• _Problem details_
Only the lines from the beginning of the data through the one with "Day 2. Cut open" belong in the answer, each retyped exactly, with pictures left out.
*** Data in this exercise Section Begins ***
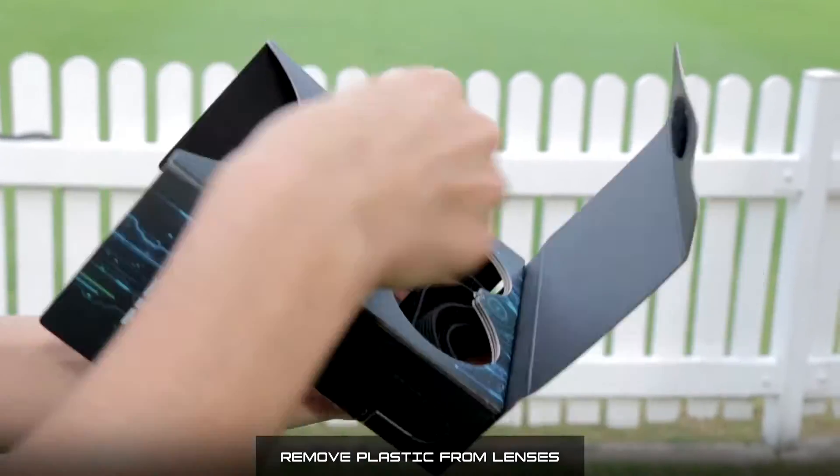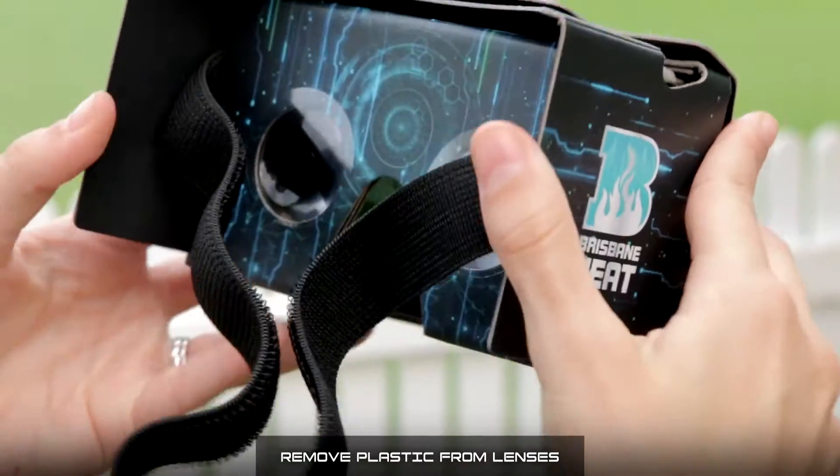Hi Heat fans, great news! Our Brisbane Heat and CUA VR headsets have just arrived.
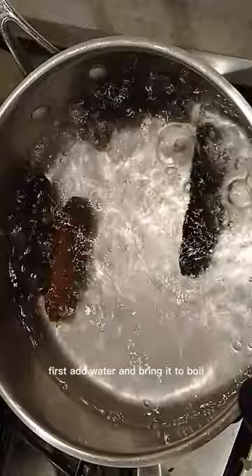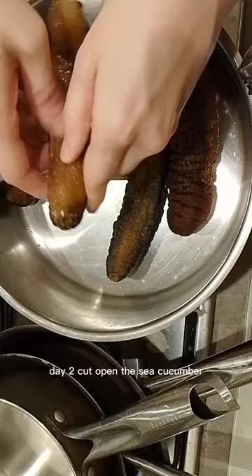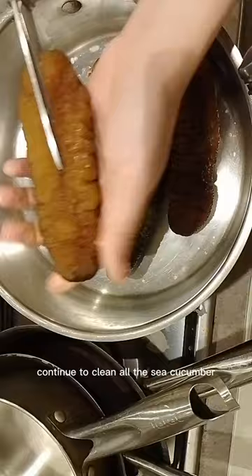Day 2. Cut open the sea cucumber. This is how it looks inside — remove everything inside, including the film. Continue to clean all the sea cucumber. This is how it looks after being cleaned.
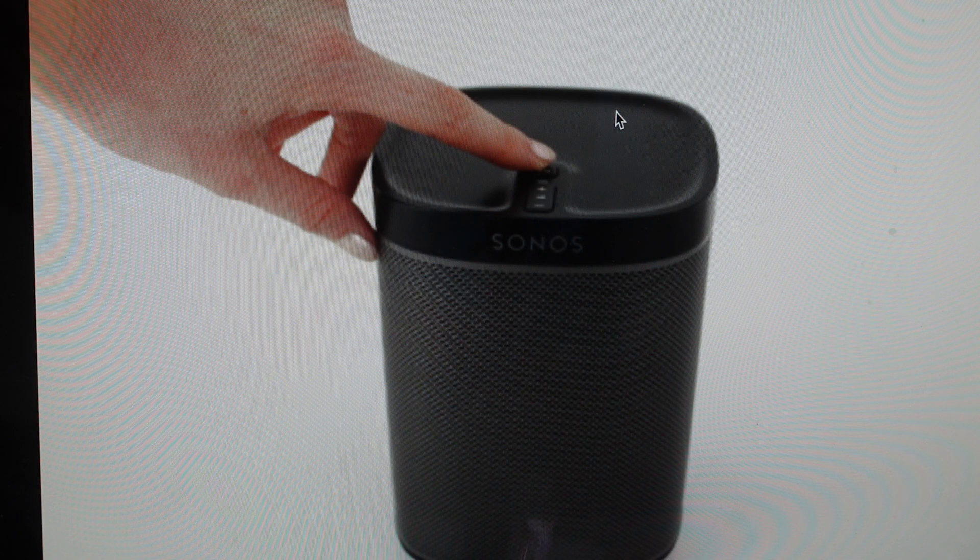It's really easy to do. All you need to do is unplug your speaker from the wall, then press and hold the play/pause button while you plug the cord back into the wall outlet. Continue to hold that button until the lights flash orange and white, and then the light will flash green, letting you know it's finished and you can turn it back on and set it up as a new speaker.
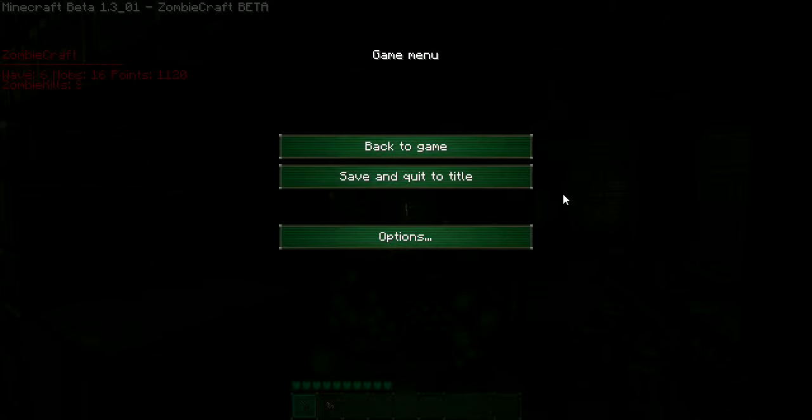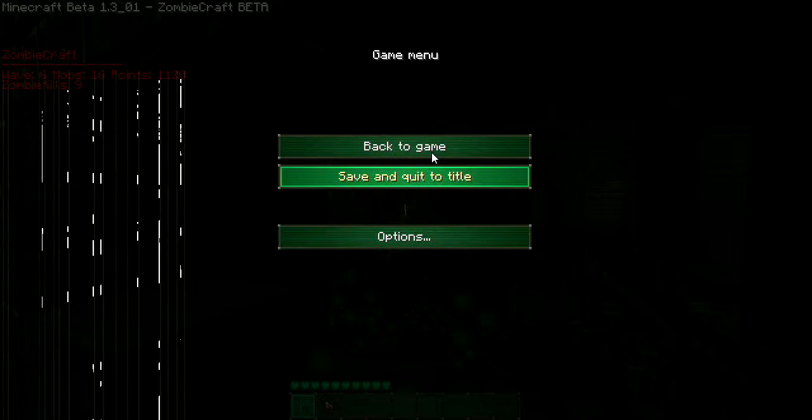Okay, hello guys. You all know that I made a new series called Zombiecraft Guns, and I have showed you the Trench Gun and Ray Gun, and now I'm gonna show you the Magnum.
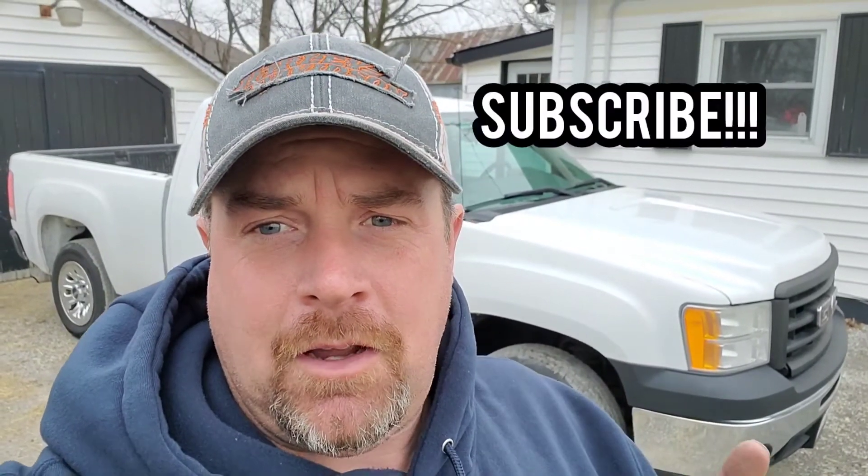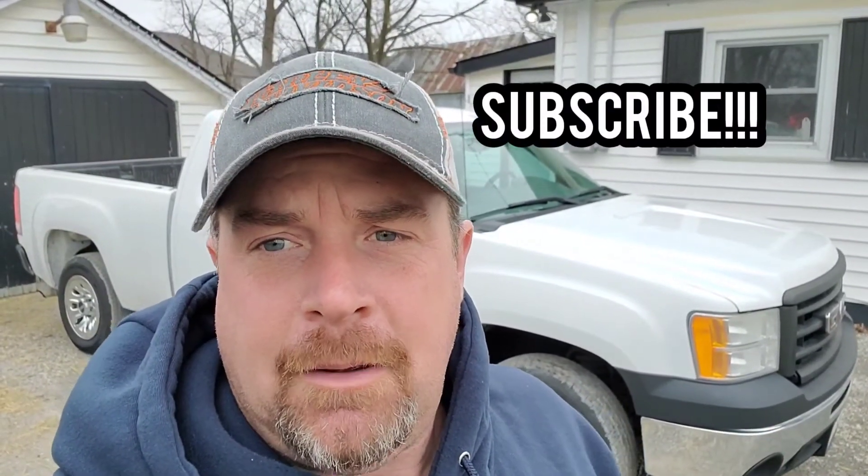So keep watching, and if you haven't already, please subscribe and tap the bell when you want to see more. Cheers, have a good day!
*** Data in this exercise Section Ends ***
• _Finished exercise_
Hi Heat fans, great news! Our Brisbane Heat and CUA VR headsets have just arrived.
Day 2. Cut open the sea cucumber. This is how it looks inside — remove everything inside, including the film. Continue to clean all the sea cucumber. This is how it looks after being cleaned.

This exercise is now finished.